Soil Sequestration

Author: Michelle Leslie


It’s a major building block of life on Earth and it’s found under our feet. Now, with the world gearing up its fight against climate change, dirt is taking on even more importance, because three-quarters of the world’s carbon is stored in soil.

According to the International Panel on Climate Change (IPCC), CO2 emissions rose almost 20 percent between 1995-2005. The increase of CO2 in the atmosphere leads to a condition known as radiative forcing (RF), and its effects are becoming more pronounced, as global temperatures rise and the climate changes rapidly.

Unfortunately, current industrial agricultural practices are accelerating this damage, stripping carbon from our soil and releasing it into the atmosphere .

According to World Resources Institute, in 2011, farms accounted for 13% of total global emissions. That startling statistic means more attention is being paid to the long-term storage or sequestration of carbon in soils, as this can play a critical role in stabilizing global temperatures.
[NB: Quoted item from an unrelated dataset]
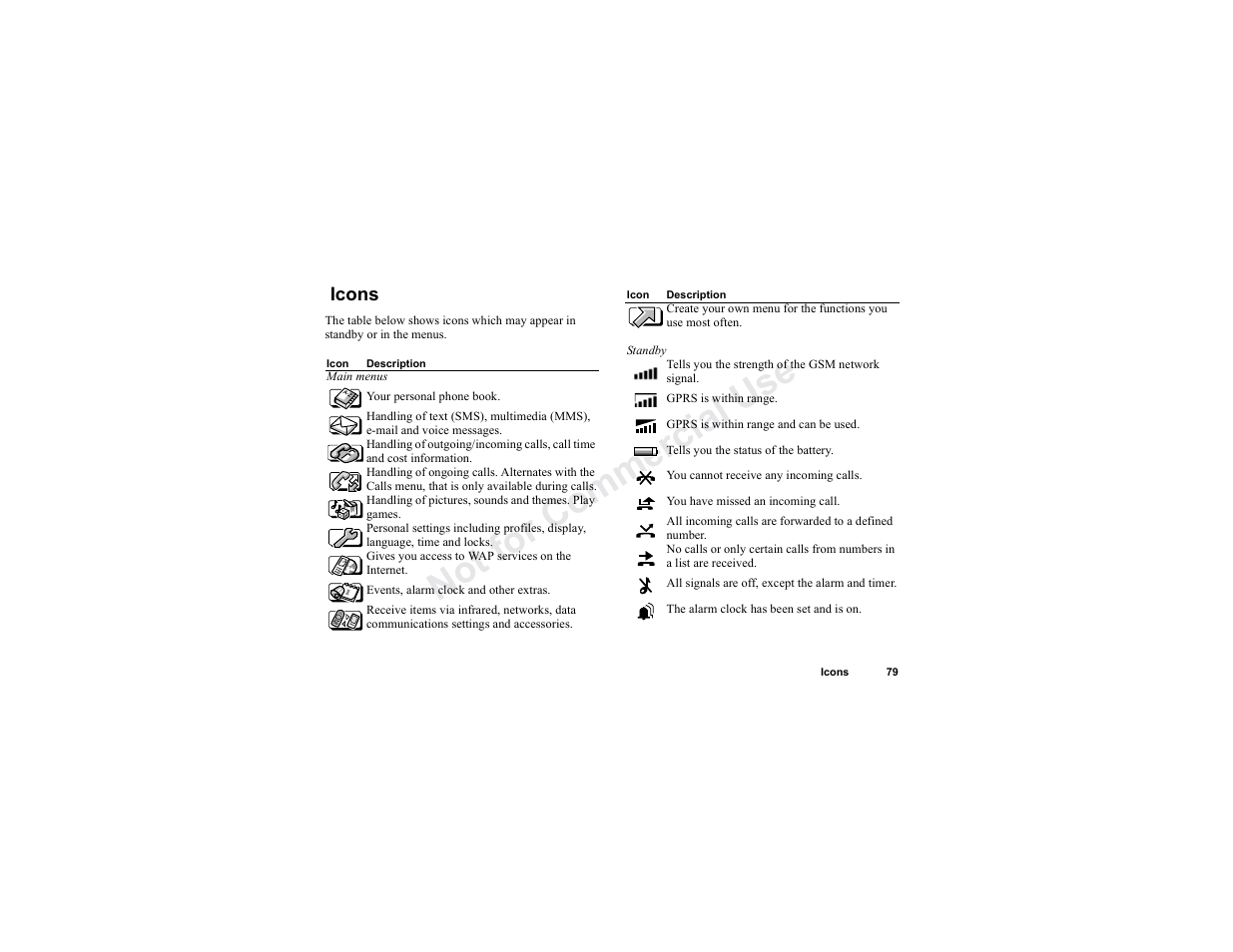 Icons, Icons 79, No t fo r c om me rci al u se | Sony T300 User Manual | Page 77 / 83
Photosynthesis is the process by which plants take in sunlight, water and carbon from the atmosphere and turn it into energy in the form of oxygen. Increasing the amount of greenery is like sticking a vacuum cleaner into the atmosphere and sucking out the carbon. Plants are nature’s vacuum cleaner. The more of them that grow, the more carbon is sucked out of the atmosphere and drawn back into the dirt. And even when the plant dies and decomposes, most of that carbon stays out of the atmosphere. Instead, it is added to the soil.